Companies who get hung up on regulatory compliance are developing a false sense of security which leaves them just as open to malware attacks the chief exec of tools vendor Protegrity has warned. The Payment Card Industry Data Security Standard (PCI DSS) was developed by the major credit card companies as a means to bolster the …
No standard is ever 100% secure, but...
..PCI was never intended to make merchants invincible to attack. It does, however, go a lot further than the likes of ISO 27001 and SOX in prescribing some very effective ways in which a small organisation without the money to invest in a CSO can reduce exposure.
Being prescriptive is a drawback - one size certainly does not fit all and many organizations have fallen victim to interpretation issues around the standard and been led into expensive, vendor-laid traps, sponsored by the QSA whom has delivered the gap analysis, solid remediation solutions and completed the final audit. Does something sound fishy here?

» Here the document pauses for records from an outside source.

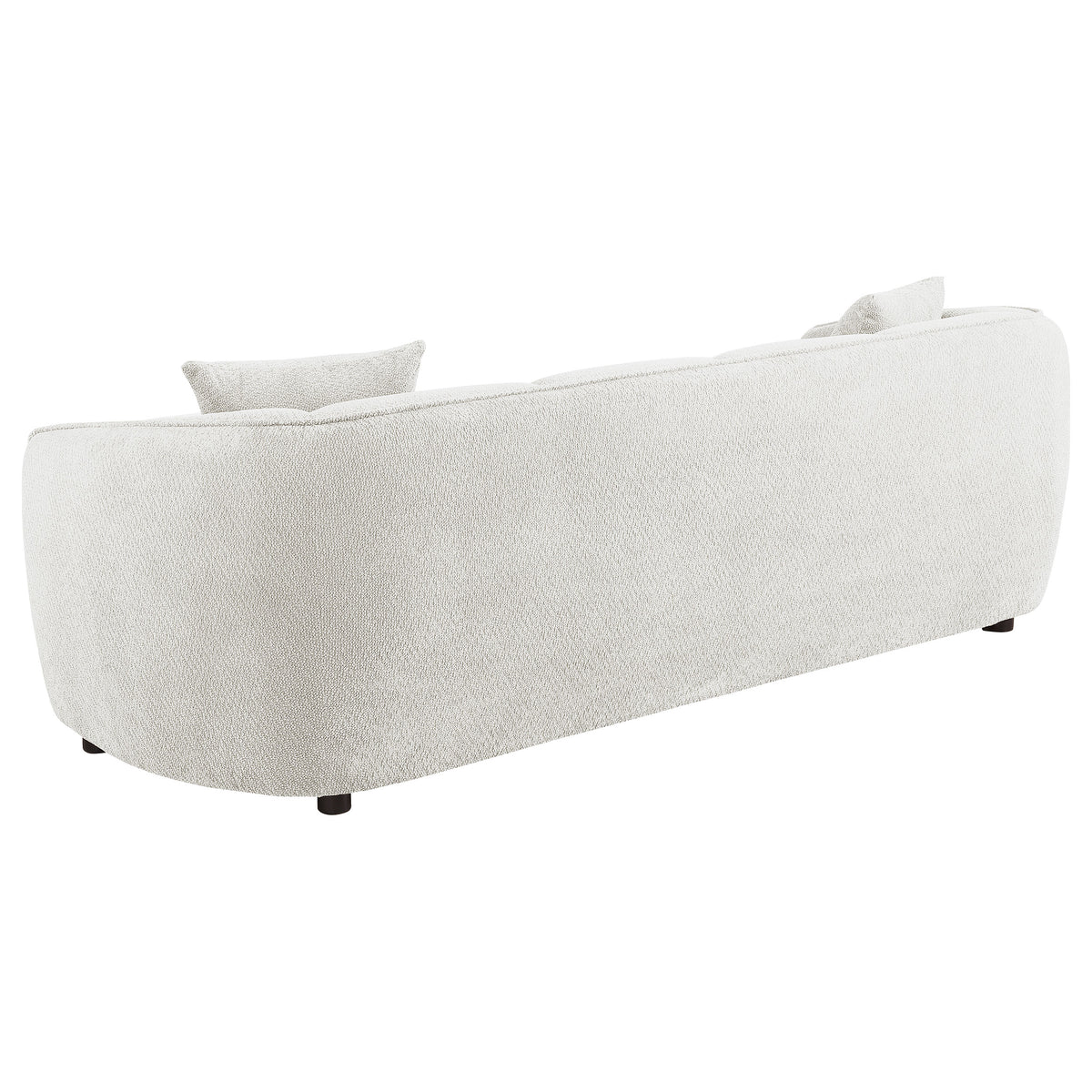 Aleisha Channel-Back Chenille Sofa, Loveseat & Accent Chair - Rounded Shelter Arms in Ivory, Living Room Sets – view 9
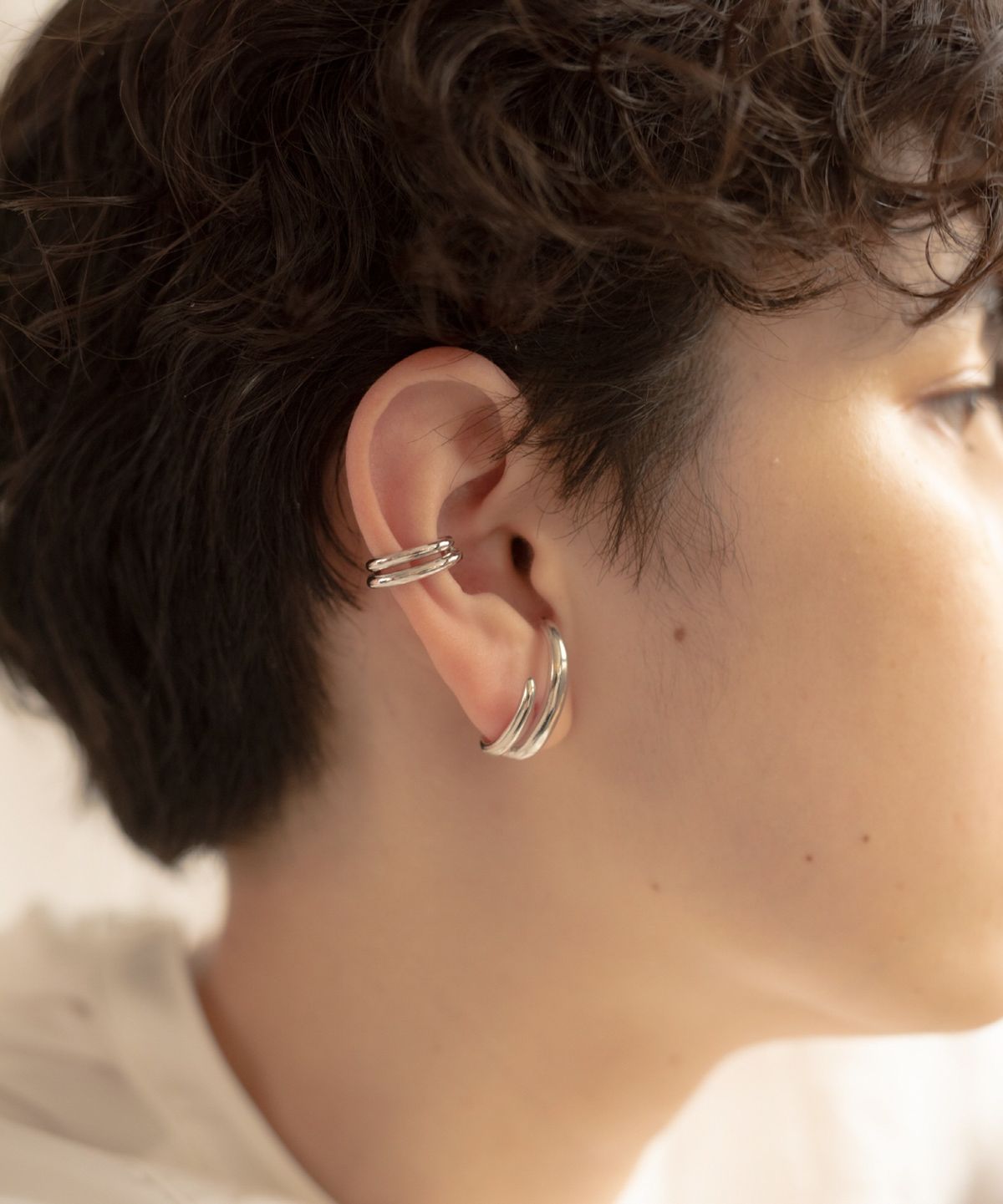 노비스도쿄(NOVICE TOKYO) 이중 이어 커프 Double Ear Cuff / silver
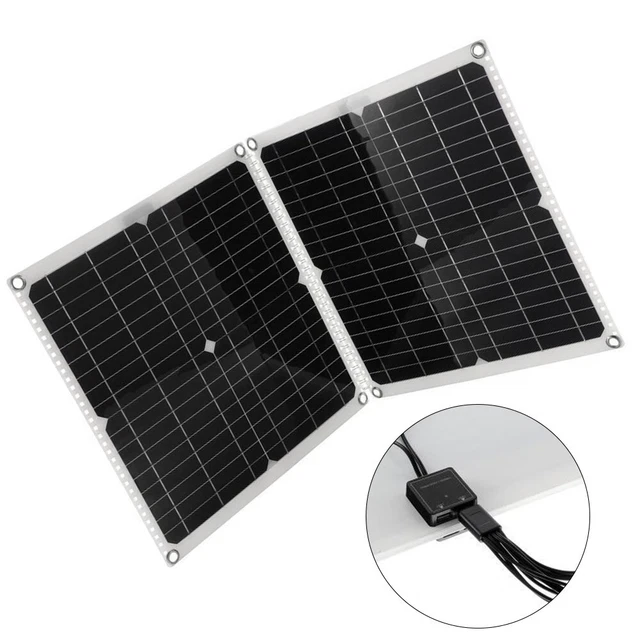 Kit Panneau Solaire Portable 30W 12V - Avec Contrôleur, Pour Camping-car, Bateau, Camping (cellules Polycristallines)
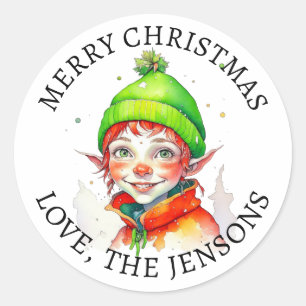 Merry Christmas   Vintage Little Elf Personalised Classic Round Sticker
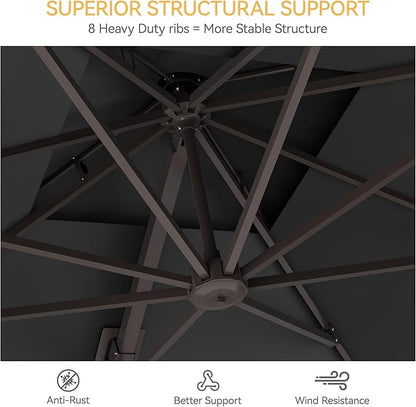 10x10 FT Patio Umbrella with Base, Large Cantilever Double Top Heavy Duty Offset Umbrellas with 360° Rotation, Outdoor shade for Garden Deck Pool, Grey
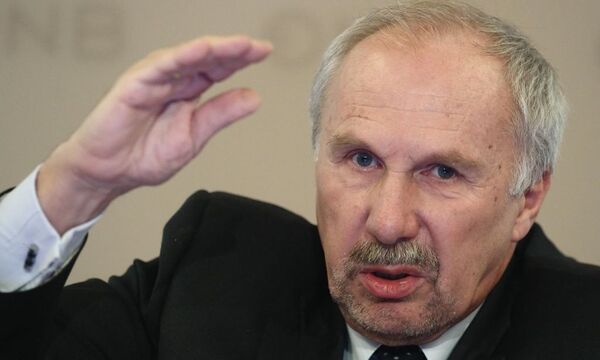 ECB Governing Council member Nowotny addresses a news conference in Vienna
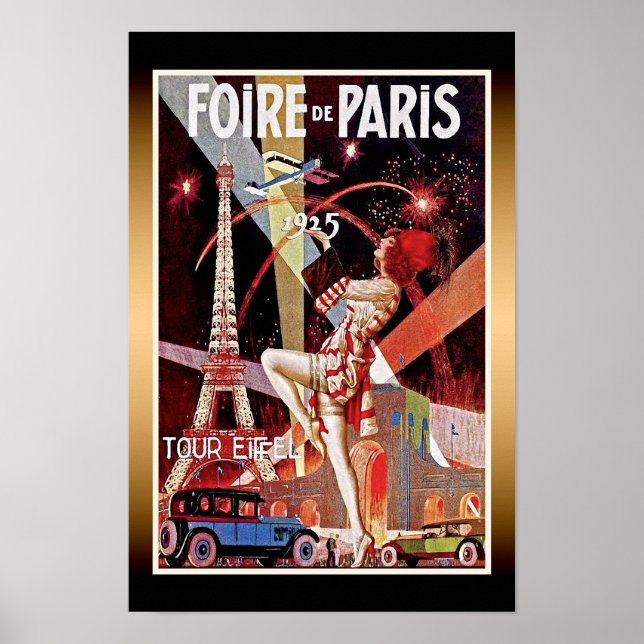 Affiche Art Déco 1925 Foire De Paris Tour Eiffel (Devant)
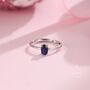 Sterling Silver Created Blue Sapphire Oval Ring, thumbnail 2 of 12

If you take PCI at face value, which is a top 12 list of things you should do to improve security posture, at mostly a technical level, then I think it serves it's purpose very well. Try throwing ISO 27001 at the millions of merchants that present a security risk to the card schemes. It's not going to work - 99% of these companies are just too small and an ISMS cannot be scaled downward to fit.
Fully agreed there are some unscrupulous companies whom allegedly forcefeed their customers with over-the-top, expensive products or even managed services, but this isn't a problem with the standard, it's an problem with PCI SSC, an infant organization that is supposedly there to regulate the hundreds of firms and thousands of QSAs and make sure they all behave. Taking some firm steps such as separating companies that offer gap analyses and those that can audit and booting useless QSAs off the programme would go a long way.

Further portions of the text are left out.